The actual laser consists of a 2.5-mm diameter, Nd:YAG rod pumped by 36 gallium arsenide (GaAs) diode bars in a stable resonator. A 6-in.-long oscillator cavity was electro-optically Q-switched in a lithium niobate (LiNbO3) material to ultimately generate 5-ns pulses at 532 nm after frequency doubling. A semihemispherical cavity provides stable operation under dynamic forces; a flat output coupler enhances pointing stability; and zero-order waveplates contribute temperature stability. And temperature stability was the toughest aspect of the system design, Kushina said.

"The hardest thing in this program is keeping the diodes at just the right temperature. You've got to measure what the ambient is. You have to know where you are in temperature with respect to a spot on the diode heat sink," he said.

The diodes run right on wavelength at around 30°C, and maintaining that temperature is critical for optimizing pump beam absorption in the YAG rod to provide a consistent level of output pulse energy from the DPSSL. Heat distribution into the diode arrays was optimized using thermal finite element analysis and a resistance temperature detector in the system provides feedback for closed loop temperature control. The beam quality of the system has an M2 of less than 6 in the y-axis and less than 9 in the orthogonal axis (see figure).

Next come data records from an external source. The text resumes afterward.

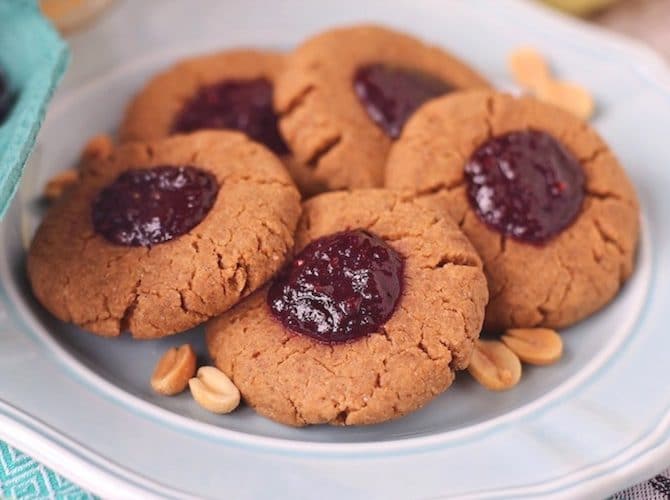 These Healthy Peanut Butter and Jelly Thumbprint Cookies are soft, chewy and delicious. You'd never they're sugar free, high protein, gluten free and vegan! -- Healthy Dessert Recipes at Desserts with Benefits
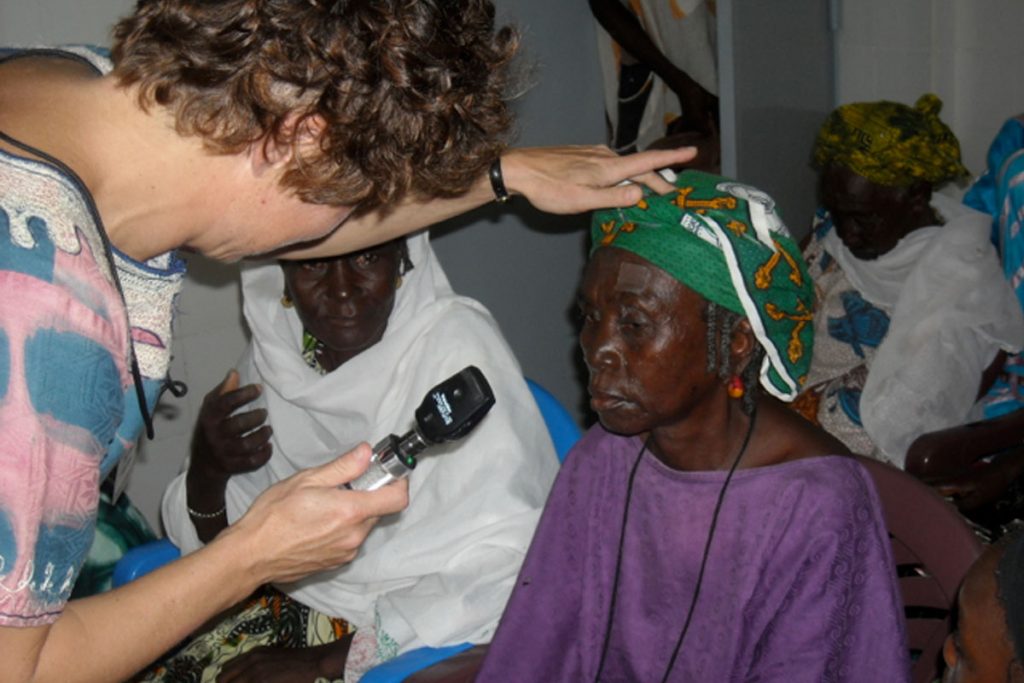 peace corps volunteers and Dr Judith Simon with patients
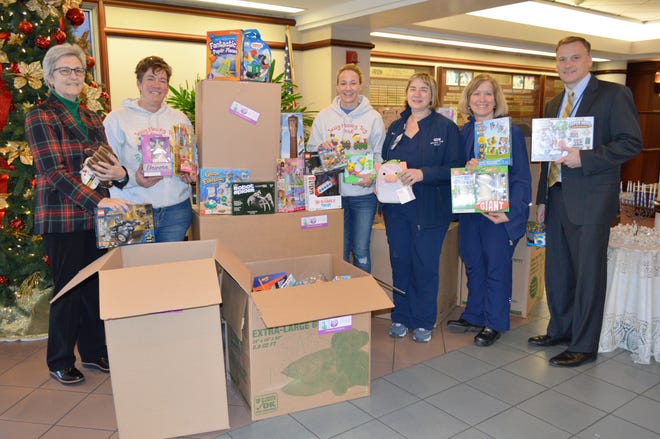 On Dec. 18, the nonprofit Sassy Massey stopped by Grand View Health to deliver hundreds of toys for Grand View’s pediatric patients to enjoy. The toy drive was started in 2016 by Jillian Massey, who died at age 5. She wished for all kids in the hospital to have toys over the holidays and her family has continued the mission, this year giving away thousands of toys to area hospitals. From left: Jean Keeler, president and CEO, Grand View Health; Joy Yoder, Sassy Massey; Janelle Massey, Sassy Massey; Kathleen Peca, director of Maternal Child Health; Kathleen Shafer, clinical coordinator pediatrics and well nursery; Doug Hughes, senior vice president, chief strategy officer. [COURTESY GRAND VIEW HEALTH]
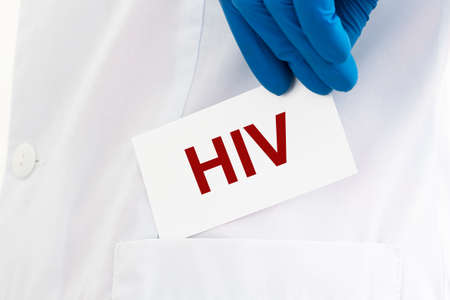 HIV acronym - Human Immunodeficiency Virus - word on paper in doctor hands as medical concept.の写真素材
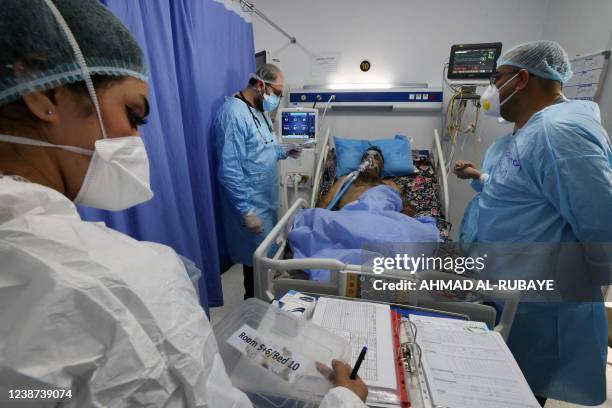 Iraqi medical workers check on a patient at the coronavirus ward of Al-Shifa Hospital in the capital Baghdad, on February 20, 2022. - Half of the 40...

While the blue-green wavelengths in this laser are necessary for underwater imaging, Arete Associates (Tucson, AZ), which integrates the solid-state lasers into the LIDAR surveillance systems is also seeing a growing market for remote object identification at other wavelengths for different environments.

"We've got a program with DARPA for doing very high-resolution imaging of objects under trees and camouflage," said John McLean, vice president and manager at Arete. "Just as in the water applications, the very high-resolution, three- dimensional aspect of it gives you an additional parameter that you can use to detect targets."